You may have heard rumblings here and there about a bill that is making its way through the Assembly in Sacramento, AB 1217, ”California State STEM School” by Raul Bocanegra of the 39th Assembly District. Like all bills in Sacramento, it will be voted on by the end of this week. According to the bill’s website, AB 1217 would do the following:
“Assembly Bill 1217 will establish a California State STEM School in downtown Los Angeles and equip our young people, particularly those from traditionally underserved communities, with the skills needed to become future mathematicians, engineers and scientists.”
Specifically, the bill will target African-American and Latino students and girls to address the lack of these populations represented in the STEM fields. The idea is not a new one. In fact, there are several states that have already established similar schools including Illinois. The Illinois Mathematics and Science Academy has served as a model for other STEM focused schools across the nation. In fact, it is doing so well that it has been ranked the fifth Best Public High School in America by Niche. If you clicked on the hyperlink, you can see that schools in Illinois and New York are listed as the top schools. Leaders in the Golden State hope to change that with the California State STEM School.
The proposal does have some opposition. State Senator Connie Leyva, for example, voted against the bill in the Senate Committee. At issue is opposition by the teacher’s union and STEM teachers who worry about collective bargaining at the state authorized school.

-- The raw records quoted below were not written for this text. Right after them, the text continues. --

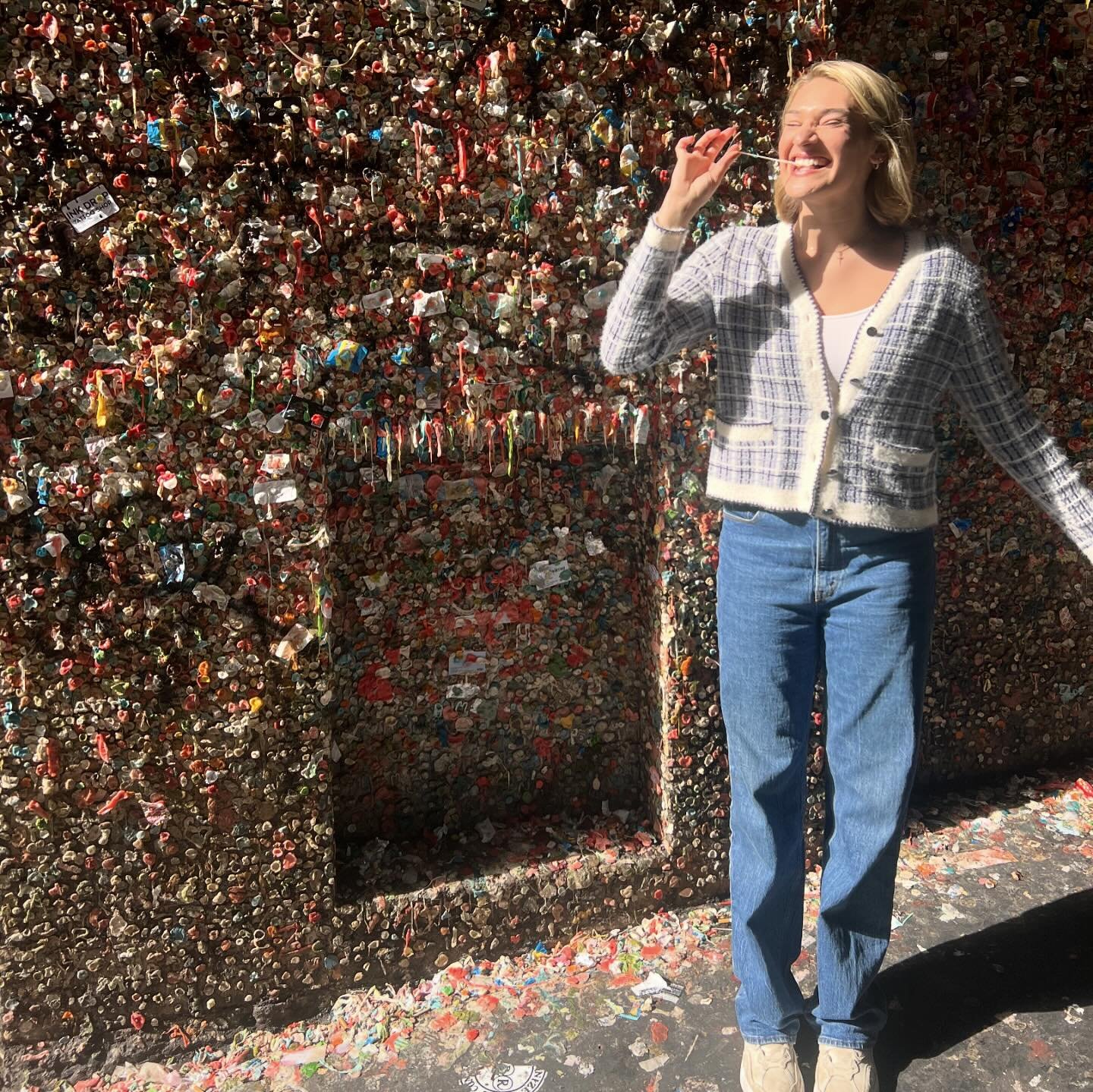 GROSS!!!! (swipe to see me at this same spot over 5 years ago when I was cruising and Seattle was our turn around port) 🫧🩷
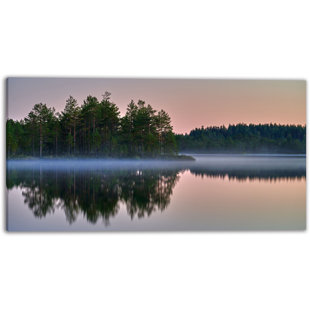 «Whispers of the Still Lake - Serene Forest Reflection», reproduction sur toile tendue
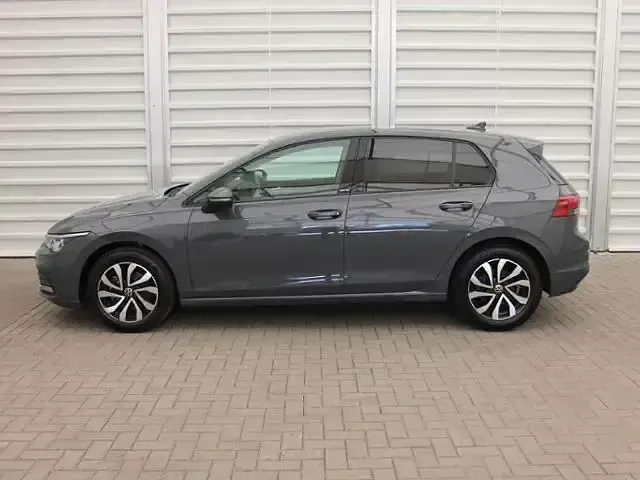 Gebraucht VW Golf VIII Active 150 PS (110 kW) 2023 Grau Limousine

While the proposed bill does include characteristics and components consistent with those of a charter school, it is NOT a charter school. Reminder: charter schools are public schools.

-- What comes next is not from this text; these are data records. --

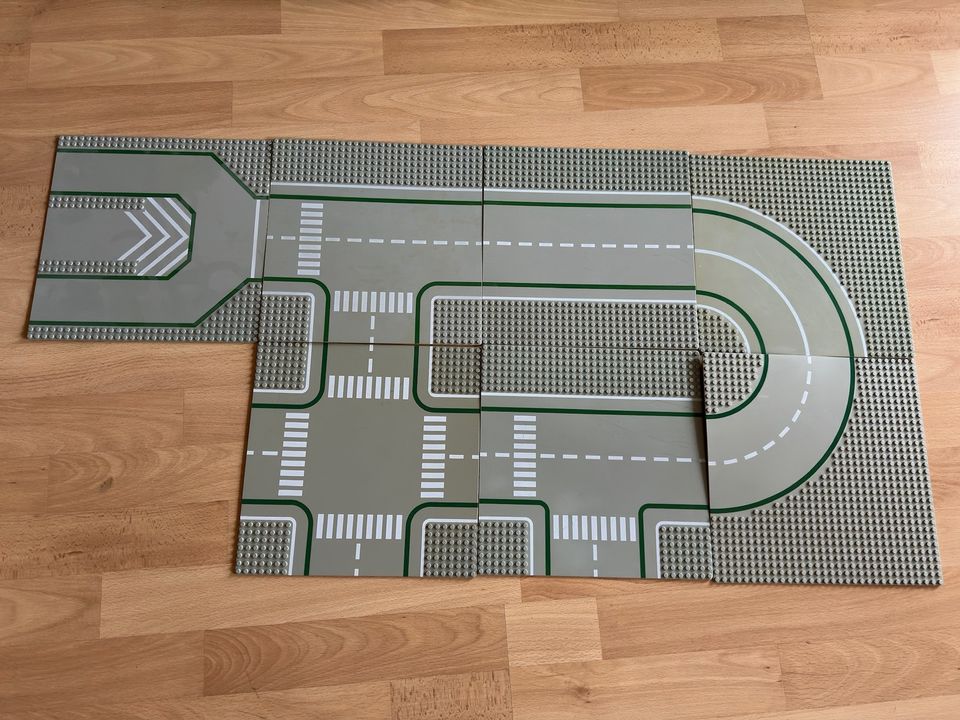7 Lego City Straßenplatten in Burgdorf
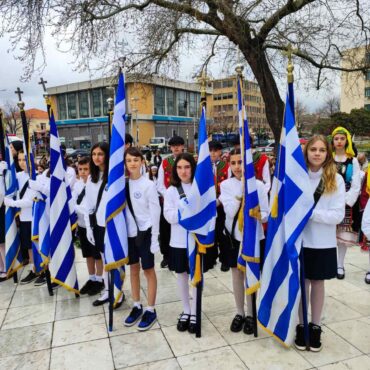 Κατάθεση-στεφάνων-στο-Ηρώο-από-τη-μαθητιώσα-νεολαία-της-Κομοτηνής-(φωτος)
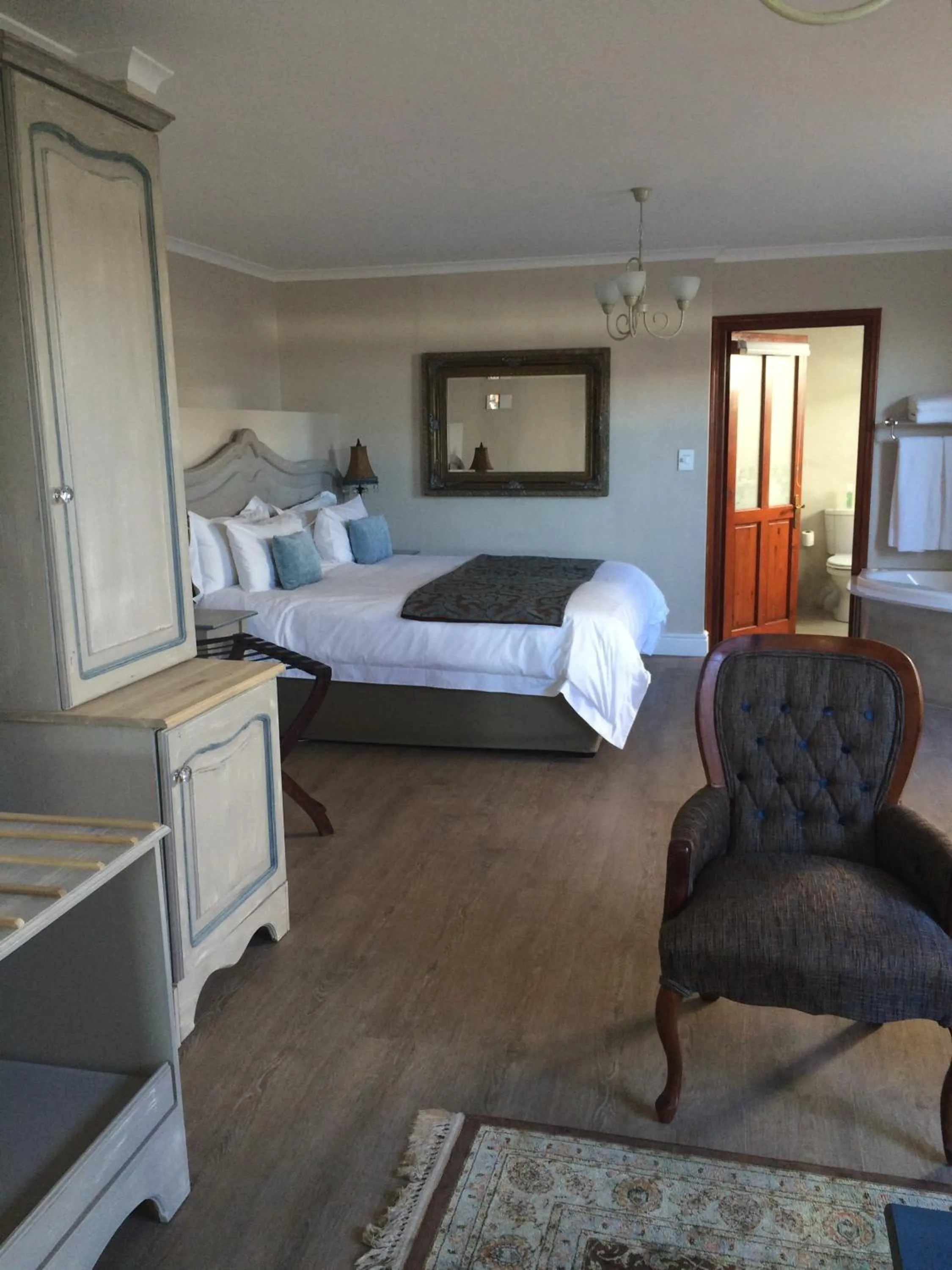 Photo of the whole room, Bed in Hermanus Boutique Guest House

Currently, the bill also makes provisions for transportation, which is also opposed by certain interest groups, though it is unclear why they oppose these provisions. That said, the bill, in its current form, is strongly opposed by the folks at California Teachers Association, California Federation of Teachers, and UTLA are opposed to the bill.
The proposed school would operate in Downtown Los Angeles but would be open for enrollment to all students living in Los Angeles County. Several colleges and universities, including UCLA, have expressed interest in working with the school once it is opened.
Of course, we will continue to keep track of this important development for the children of LA County and post updates as they occur.